Dean - Columbia University

[Pages:4]1. "God created the world in 7 days and we haven't seen much of him since." (God draws from an urn and then is out of the picture)

2. "People don't go around introducing you to their ex-wives." (why model improvement doesn't make it into papers)

3. "The confidence interval can exclude 0, in which case I can submit it to a really good journal, or it can include 0, in which case I can look really hard and throw out some bad data points." (an example of decision analysis)

4. "It would be cool even for people who aren't blind. I would use it. Just because blind people can do it . . . I'm not too proud." (on joysticks as a tool for blind people to do statistics)

5. "I'll get rid of the well-perfused tissues, get rid of the poorly-perfused tissues. All you are is just liver and fat. Probably true for some of you."

6. "Statistics is said to be the science of defaults. One of our challenges is to defaultize things."

7. "In my head I have these simulations of Don Rubin and Jennifer Hill running on a loop. `What would Jennifer do? What would Don say?'"

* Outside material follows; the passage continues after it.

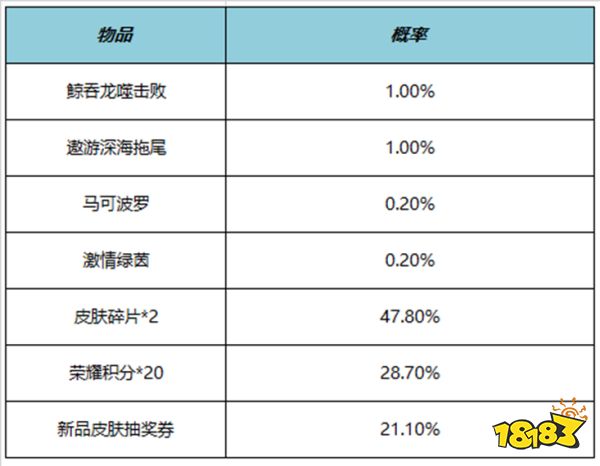 王者荣耀遨游深海拖尾特效怎么获得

8. "This guy comes to me and says `I have prior information and data, and I'd like to combine them, and I heard Bayes is a good way to do that.' Well, that's as good as it gets! Normally you want to do Bayes but they won't let you because they're like [in stupid voice] `ugh, it's subjective, I'm not allowed to, it's subjective.' But here this guy is saying `I have prior information and data and I want to combine them' ! I'm like, `I can do that! I was trained to do that!'"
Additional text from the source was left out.